Quelle riche mémoire nous retrouve, sitôt franchies les portes de l’Athénée ! Historiquement ce fut le Théâtre de Louis Jouvet et les plus anciens y ont leurs plus beaux souvenirs de théâtre. L’hiver 1946/47, interne à Louis le Grand, je découvrais aux matinées du dimanche L’Ecole des Femmes d’abord, inoubliable modèle d’invention classique, et Ondine, Knock, plus tard Tartuffe et Dom Juan.
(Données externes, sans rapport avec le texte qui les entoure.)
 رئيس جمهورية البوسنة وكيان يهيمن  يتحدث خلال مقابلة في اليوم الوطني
Il n’est pas difficile en fermant les yeux de réentendre la voix inimitable, qui semblait ne jamais cesser de s’imiter elle-même !
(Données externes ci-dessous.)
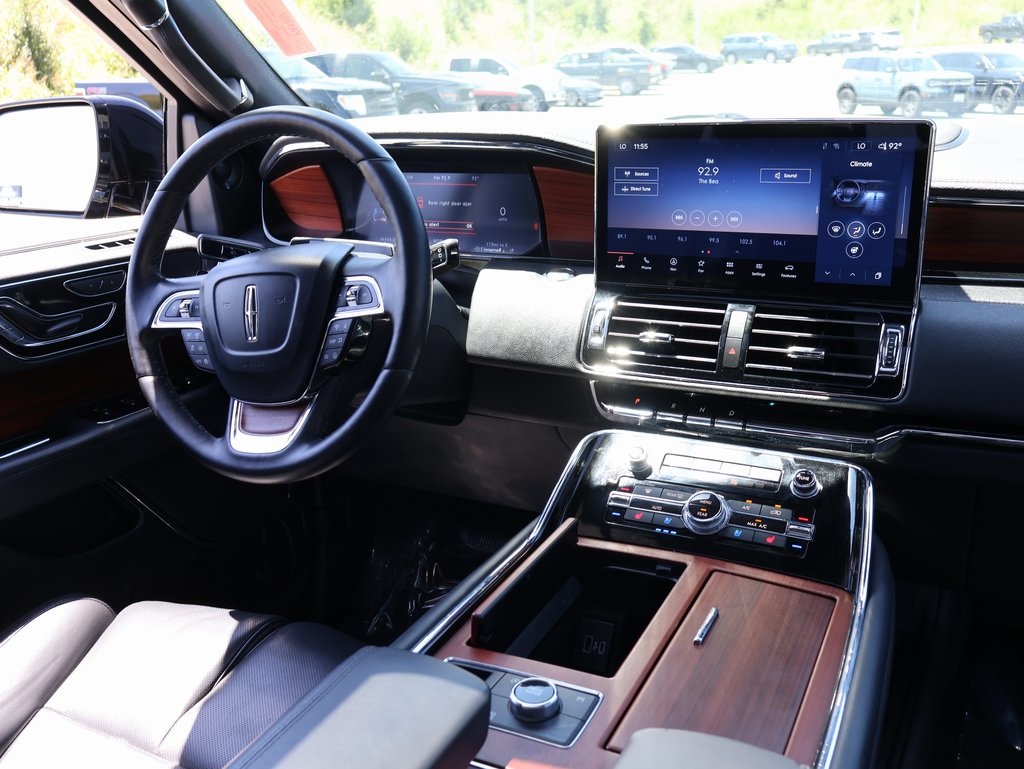 2024 Lincoln Navigator L Premiere Image 16 of 43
Ont suivi dans un tout autre registre les lundis soirs des années 70/80 où Pierre Bergé régalait Paris des voix les plus choisies dans leur meilleur répertoire. Jessye Norman, Ileana Cotrubas, Brigitte Fassbänder, je cite au hasard. N’allez pas croire que cette accumulation de grandes ombres ait en rien impressionné Stéphane Degout. Il est là, dans la jeunesse de ces quarante ans qu’il semble avoir toujours eus, et qu’il semble porter encore, inaltérable de timbre, de savoir et, n’hésitons pas à le dire, de perfection musicale et vocale.
Il se lançait dans l’aventure la plus ingrate qui soit, un plein programme de mélodies françaises. Quel univers, autrement disparate que le lied (que celui-ci se veuille naïf ou davantage littéraire). Notre mélodie à nous, Français, est de salon le plus souvent ; trop souvent liées à des poèmes qui ne la méritent pas, s’y affadissant dans le mièvre ; parfois s’inventant des défis, des complications pas forcément nécessaires. On y intellectualise volontiers, on y symbolise à outrance. Le rapport mots/mélodie s’y trouve plus d’une fois perdu. Mais dans les réussites, quelle foison !
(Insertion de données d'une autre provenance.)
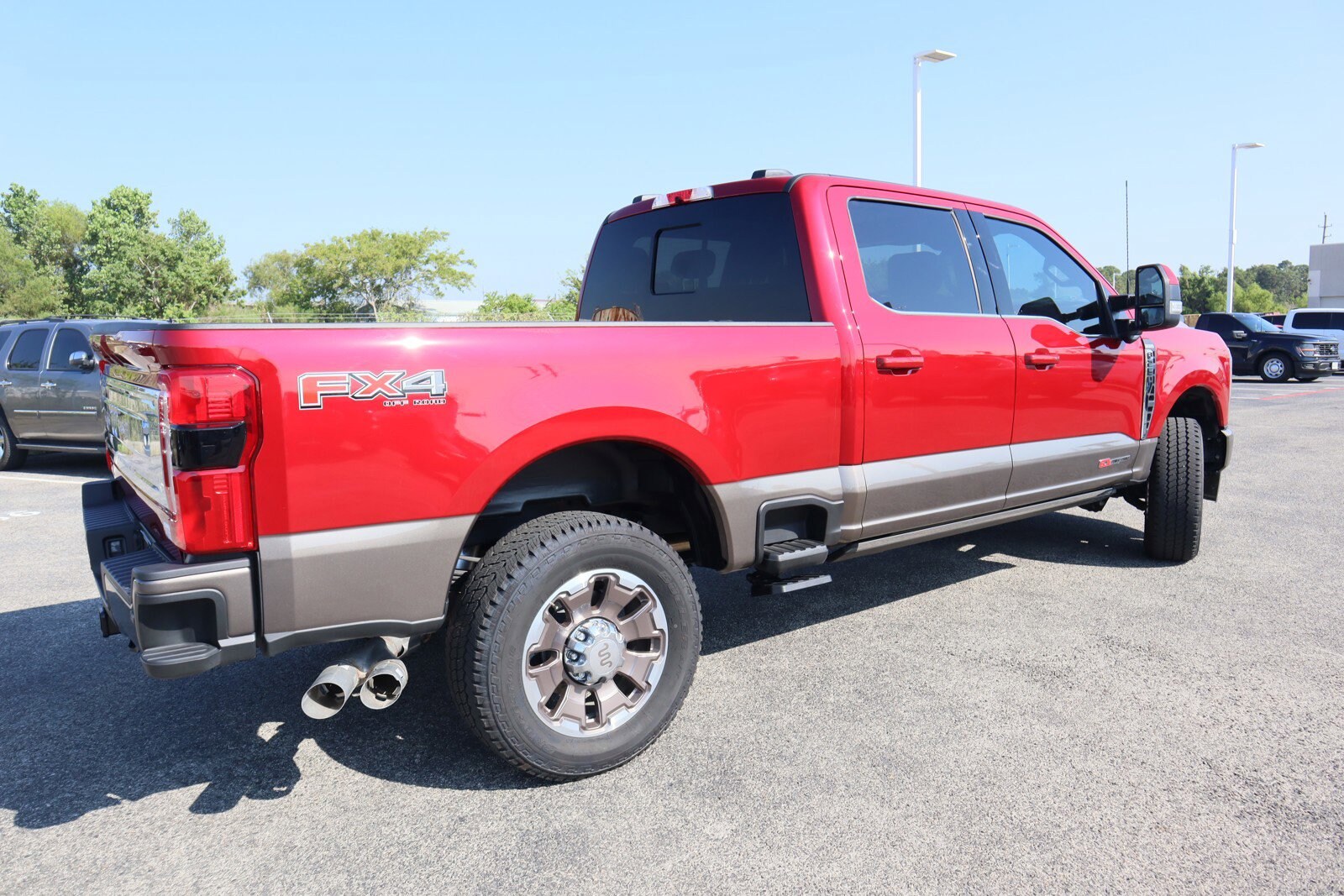 2023 Ford F-250 King Ranch photo 2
L’intelligence des mots, la beauté de la voix (d’une souplesse, d’une réponse stupéfiante aux nuances littérales ou émotionnelles) s’imposent dans les divers groupes de Debussy/Verlaine en tête de programme. Ces deux-là se sont trouvés idéalement, et Degout, Alain Planès aussi, pianiste inouï dans sa palette de sonorités, et partenaire à 100%. Si on aime moins les Mallarmé, c’est que le chichi littéraire un peu snob de Debussy (et de Mallarmé) s’y expose à un degré de manières, d’artifice qu’il est permis à l’auditeur de trouver excessif.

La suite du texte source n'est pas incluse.